Upon gratefully receiving an invitation to meet Jon and have a gander at his new game, I was escorted through the HQ, passing a life-size statue of Tony Stark’s first Iron Man suit, an office adorned with a six foot Lego model of Woody the toy cowboy and a High School Musical themed meeting room, complete with lockers. Eventually, we are led to a small office, where Jon awaits our arrival, Xbox at the ready. He grins and shakes us each by the hand cordially. Once he’s satisfied we’re comfortable, he begins to describe Toy Story 3: The Video Game, his pride and delight practically tangible.
‘Let’s start from the start then,’ Jon says. ‘We came up with the idea for the game in November 2007. Pixar had invited us down to have a look at a real early, preliminary screening – it was storyboards that they’d put together in kind of an animated reel. There was no dialogue in it or anything; it was just narrated by the director, Lee Unkrich. It was great, it was brilliant. We were there with a bunch of other licensers, like Mattel, in the theatre watching this presentation and man, it was good. By the end of the screening there wasn’t a dry eye in the house. The lights went up, you feel tears in your eyes, you’re like, “oh no, this is going to be embarrassing!” But the lights come up and everyone is choked up: it was that good, it was that powerful.

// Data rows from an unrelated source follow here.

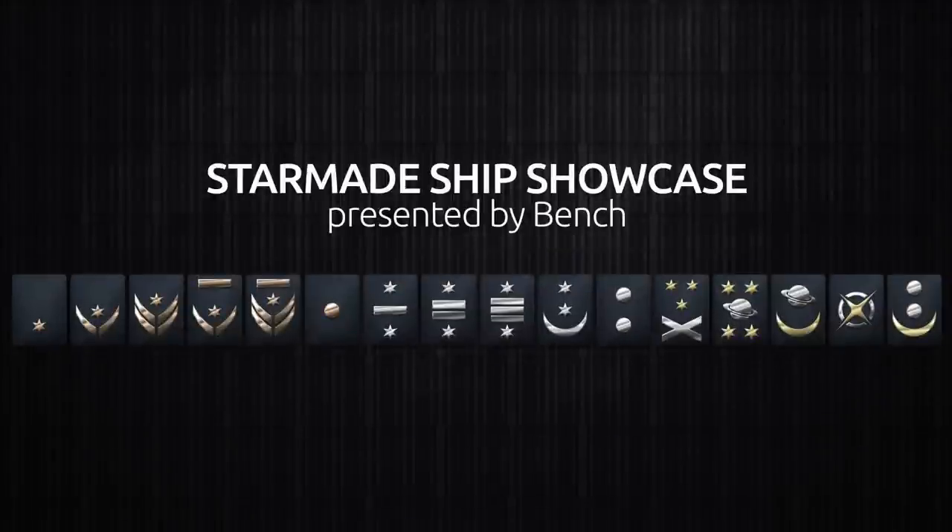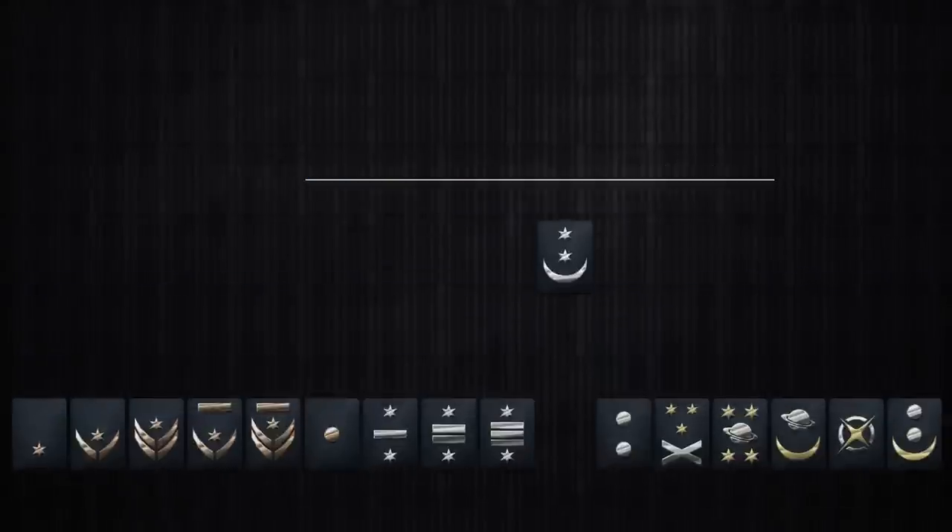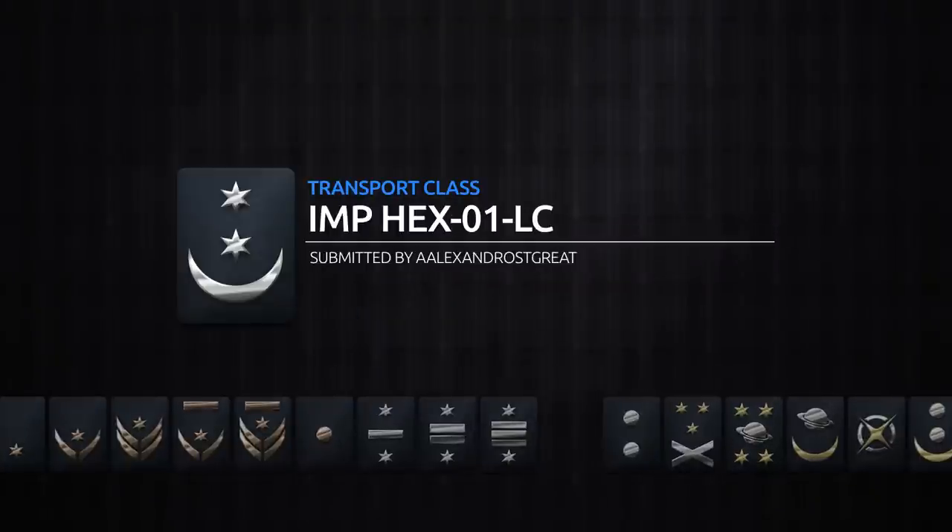Welcome back to another StarMade Ship Showcase. My name is Bench and today we have a submission by Alexandros Tegrate, the IMP-Hex-01LC.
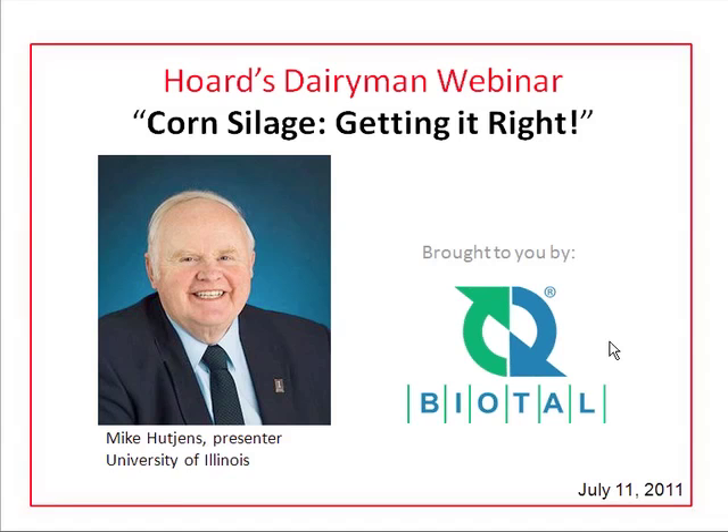Welcome to our monthly webinar series. Our presenter today is Mike Hutchins from the University of Illinois, who is actually in the great city of New Orleans as he speaks. His topic is corn silage — getting it right — brought to you by Biotol forage inoculants, a product from the Lalleman Animal Nutrition firm. Welcome to all of you, both returning participants and first-timers.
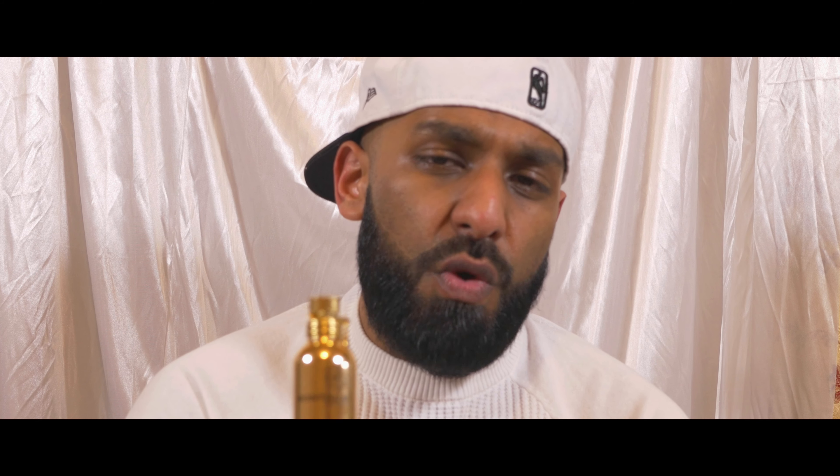One thing I want to point out about Montal bottles — they're designed with aluminum and are really lightweight. If you purchase this online or from eBay, don't be surprised. When you first get a brand new bottle, it's going to feel like there's nothing inside — that's just the way the bottles are. Also, none of the House of Montal bottles are transparent, so it's really hard to tell how much juice is left. You can twist off the cap on some Montal fragrances to check, but I don't recommend doing so.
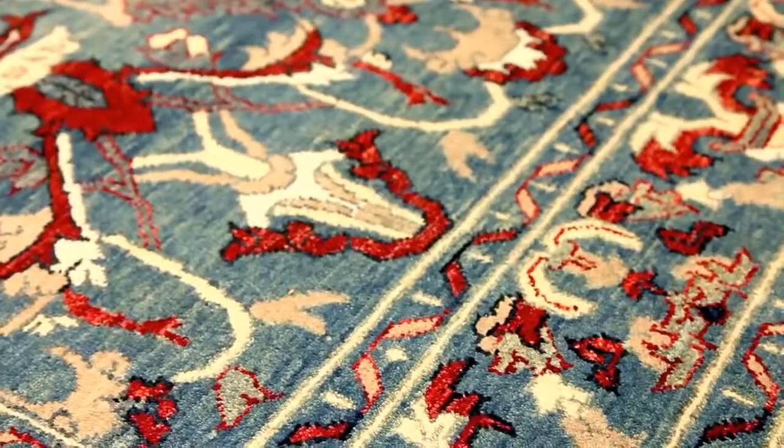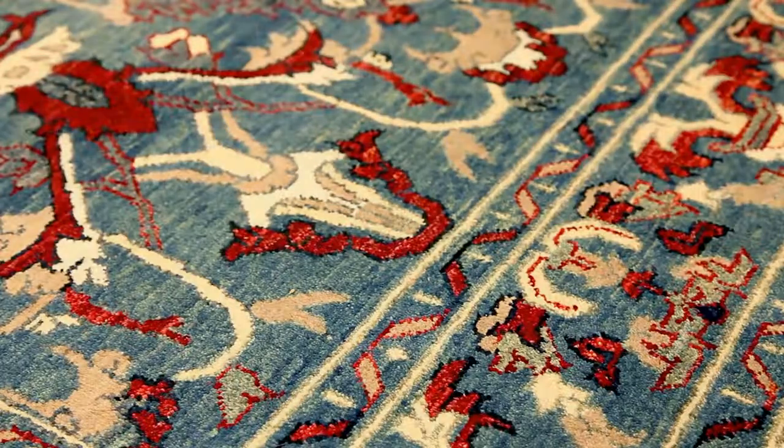Luxurious, practical and affordable, these rugs can create a complete atmosphere catering to your personal style.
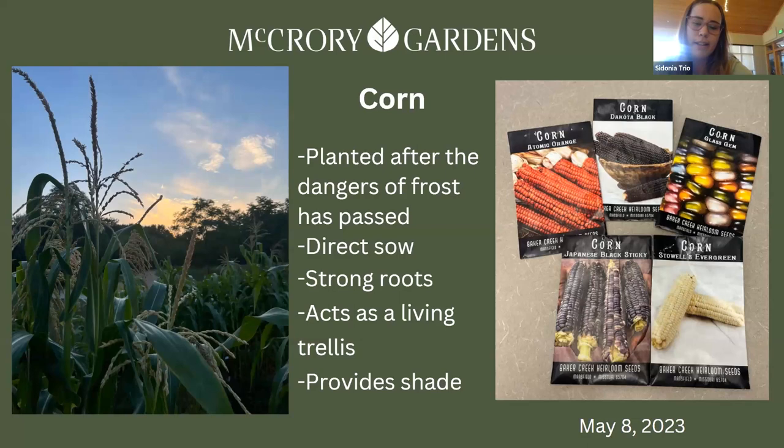First up we have the corn, planted after the danger of frost has passed. We planted them on May 8th. We learned it's best to direct seed them into the ground. In years past we planted them in the greenhouse and transplanted them, but they're doing so much better now as direct-seeded plants. The benefits of corn are the strong roots and tall height that serve as a trellis.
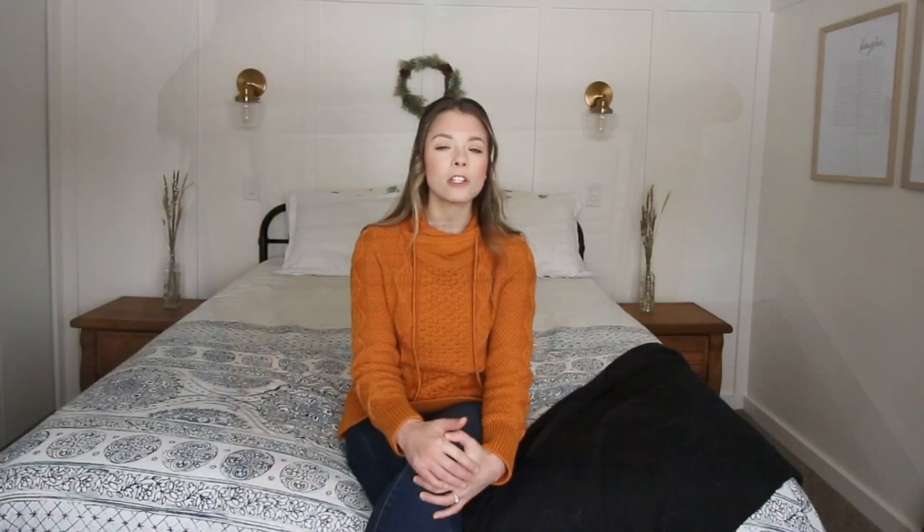We went with matte black hardware from Home Depot — the knobs have just a little bit of ornateness to them and the handles are very simple. I wanted the matte black to play off the bed and other existing matte black elements in the room. We got matching hardware for the long dresser as well.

‘So when we left Pixar, we thought, “We can’t do an average game treatment for this one”, you know, “see the movie, play the game”, it just didn’t feel right. First of all, Pixar had done a great job on telling that story and I don’t think it was right for us to rehash it; we didn’t want to do that. We thought what would be really cool is if we could give Andy’s toys to everybody, the players: if you could take Andy’s toys and play with them any way you wanted to. So we hung onto that idea, it sounded right. We developed the idea and called it The Toy Box, where it’s a big sandbox environment and you get to play as Buzz, Woody or Jessie and it’s a big, open, free environment, where you get to play with Andy’s toys the way you want to, not the way we want you to.
‘We took that idea back to Pixar and said, “Hey, we want to make this Toy Story 3 game that has nothing to do with Toy Story 3, how do you like it?” That was a little intimidating, so we also pitched a kind of a more traditional approach and asked them which one they wanted us to do. They kind of looked at each other and said, “We like both ideas – could you do both?” So we did – if Pixar ask you to do both, you do both!’
‘That was a pretty big challenge. The we approached it was to have The Toy Box be the core experience, the bulk of it and have Story Mode be a briefer, almost a bonus experience, for players who want to relive and replay the moments of the film that they really loved, they’ll be there, but we don’t have to try to make that into eight hours of gameplay, which, I don’t know about you but often in film tie-in games, sometime feels kind of forced. We didn’t want to do that.’